The draft e-Governance Policy and its implications on patent law in India

A look at the draft e-Governance policy and its implications on patent law in India

The Department of Information Technology (DIT), Government of India (GoI) recently came out with a draft (V1.1)  Policy on Open Standards for e-Governance, (POS-e-GOV), available here.

 

The objective of this Policy is to “promote technology choice, avoid vendor lock-in and aims for reliable long-term accessibility to public documents and information in Indian context.”

 

There have been prior discussions on the topic at this blog, for example here but those discussions were on a previous version of the  policy.

 

The current draft of POS-e-GOV contain a six mandatory clauses for an identified standard to be identified as an “Open standard”.  Of the six clauses there are two that may be of greater interest to patent practitioners in India. They are clauses 4.1.2 and 4.1.4  

 


4.1.2:  The patent claims necessary to implement the Identified Standard shall be available on a Royalty-Free basis for the life time of the Standard. If such Standards are not found feasible then in the wider public interest, Fair, Reasonable and Non Discriminatory terms
and conditions (FRAND) or Reasonable and Non Discriminatory terms and conditions (RAND) with no payment could be considered.

 

4.1.4:  Identified Standard shall be recursively open.

 

 
Before going into the detailed ramifications of these two clauses, a brief backgrounder is provided for some of the terms used in POS-e-GOV.  The first clause provides for a Royalty Free (RF)-Fair, Reasonable and Non Discriminatory  (FRAND) terms.  To understand, RF-FRAND terms, it is necessary to take a look at RAND terms:

POS-e-GOV defines RAND and FRAND as:

 

RAND:  Reasonable And Non-Discriminatory.  RAND is a phrase that international standards groups use to describe terms to which a patent contributor to a standard must adhere. If a technology which is part of the standard is to be licensed for a fee, the terms must be (i) non-exorbitant, (ii) published, and (iii) the same for all implementers (rather than subject to individual negotiation).  

 

FRAND:  Fair Reasonable And Non-Discriminatory.  FRAND is a phrase that international standards groups use to describe terms to which a patent contributor to a standard must adhere. If a technology which is part of the standard is to be licensed for a fee, the terms must be (i) impartial, (ii) non-exorbitant, (iii) published, and (iv) the same for all implementers (rather than subject to individual negotiation). 

 

There are certain issues with the definitions as provided in POS-e-GOV because they deviate from the generally accepted definitions of these terms.  

 

RAND terms, in general in the standards area, are a basic commitment for a standard setting organization (SSO) member to agree to license its Necessary/Essential patent claims on reasonable and non-discriminatory (RAND) terms and conditions.  The idea is that in exchange for adopting a standard that includes the patented technology of a SSO member, that member gives up a part of its rights and agrees to offer licenses to all who wish to implement or practice the standard, including the patented technology.  

 

There are two key variables in a RAND discussion:  The RAND terminology is inherently flexible so that it can be used in varying conditions and business engagements and a RAND term does not mean that two prospective licensees will receive exactly the same patent.  A RAND license may include a royalty free license and any other term or condition that may arise in settling a business arrangement between companies.  In other words, a RAND term is a commitment to negotiate a license a licensor and prospective licensee must negotiate the actual terms of a license.  Flexibility of terms is a hallmark of a RAND license.  

 

Note that POS-e-GOV definition states that RAND terms are the “same for all implementers.”  This is not the provided for in the RAND terms.
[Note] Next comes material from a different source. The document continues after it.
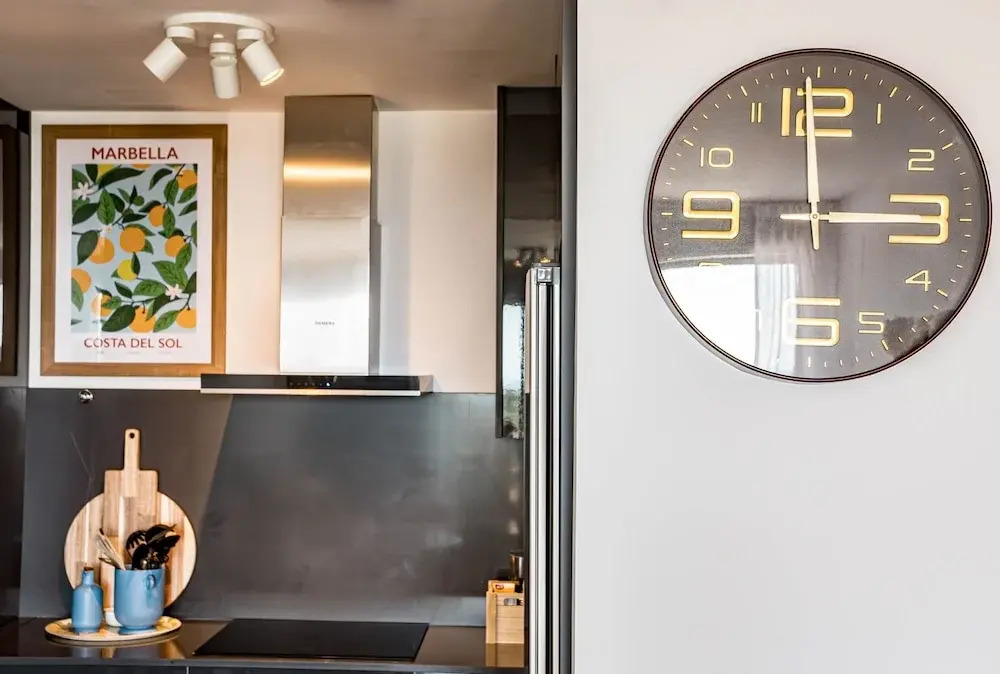 OV2 1B - Bright and Modern 3 Bedroom Apartment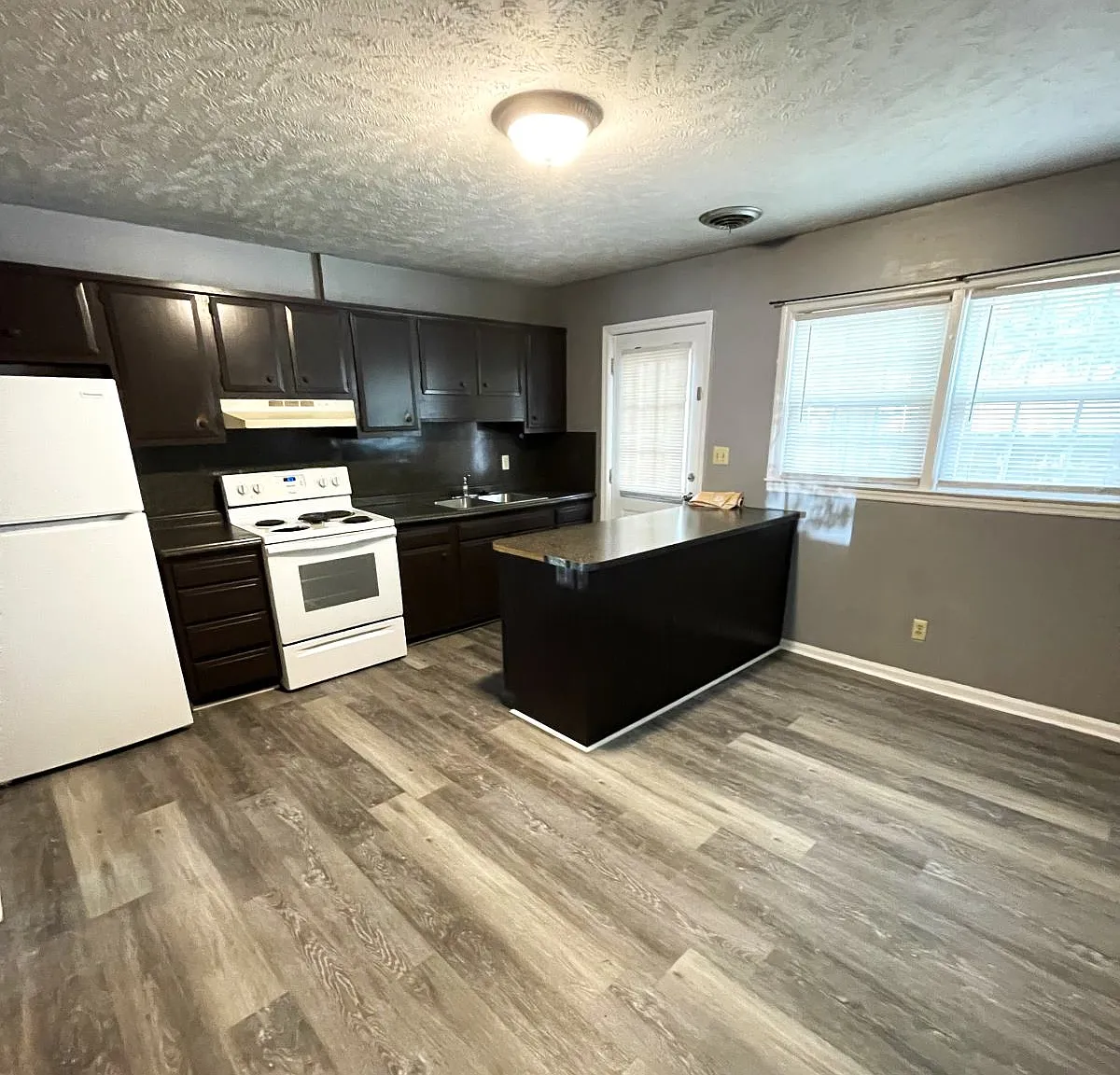 2 bed, 1.5 bath, $1,400 — Photo 3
See for example the definition of RAND terms in the patent license policy of World Wide Web Consortium (W3C) available here.  The W3C had initially proposed RAND licensing but later settled for Royalty Free (RF)-RAND terms.

 

There is considerable debate about RAND terms and POS-e-GOV gives a certain twist to the definition itself.  

 

Necessary Claims:  Companies that participate in licensing a standard, often like to know the amount of any patent royalties they may have to pay before adoption of a new standard and may ask any member company to provide them with patent claims to disclose the existence of such claims in the belief  that the participants may determine the royalties due to that patentee/owner/assignee.  Accordingly, IP policies generally contain a disclosure requirement of necessary Claims. This is a circular reference problem because there is no apriori knowledge of a necessary claim before a standard is defined.  

 

But in practice, disclosure of necessary claims is generally done during development of a standard and before its adoption.  See for example, the IP policy of 3GPP working under ETSI available here.  ETSI provides for an Ex-ante disclosure of licensing terms where the disclosure is about committing to licensing terms before the protected technology will be selected as part of a standard or, in other words, a mechanism about submitting anticipated licensing terms for a given standard draft before the contribution is locked-in as a standard.

 

Note that even now, there cannot be any necessary claims because the patent has not been granted it is disclosed that there are patent applications that may have significant bearing on the standard.  In other cases, some members may disclose granted claims to the standard body as necessary claims.  This process makes the standard development procedure more transparent and avoids a hold up (a situation where one company slips its patented technology into a standard so it can charge unreasonable license fees from all adopters of the standard or refuses to negotiate a license with parties wishing to implement a standard).

 

A Royalty-free (RF) approach is one of the suggested ways to eliminate (at least theoretically) the hold-up risk as discussed above.  An example of a RF-RAND license can be seen here.  

 

There are inherent risks associated with RF-RAND licenses:  standard adoption may be significantly delayed, and key patentees may not participate at all.  When patentees choose not to participate, the overall innovation process may  stall and that standard may not be commercially adopted. Therefore, the concerns against a RF-RAND license is that it may apply to a broad set of claims, it may not provide adequate safeguards against inadvertent licensing commitments, and may even result in an unsuccessful standard.  

 

A government adopted standard, by definition, would apply to all stakeholders (citizen, businesses, and employees) and as such, the unsuccessful standard risk may not be excessive, but the other two risks are still inherent.  

 

POS-e-GOV aims to reinvent the wheel; Because technology for use to connect with the citizen, the employees and businesses is available and it may easily be customized to government requirements.   There are a large numbers of vendors both inside and outside the country.  There is no incentive for any vendor to provide their patents to the standard as purported by POS-e-GOV.  For example, document creation, editing and exchange techniques are not new DOC, PDF, XML, OOXML are just a few of them.  

 


“Recursively open” (clause 4.1.4 of POS-e-GOV) is not directly explained.  However, a draft policy on Open Standards, released July 2008 provides that “[S]elected Standard should be recursively open; They shall not use unpublished extensions.”

 

This means that all contributions by members whether about necessary claims, or other developments, cannot be kept out of public view.  This would mean that a technology inventor risks their respective contribution inadvertently falls into the public domain.  This provision is similar to an Ex-Ante provision as provided by ETSI.   

 

 

However, there is a significant debate regarding the benefits conferred by ex ante licensing terms.  Disadvantages of ex ante terms include that it discourages participation from inventors, and decreases license transparency.  Most importantly, Ex Ante disclosures do not mitigate the risk of hold ups.  See for example a letter discussing the effect of such terms in a license.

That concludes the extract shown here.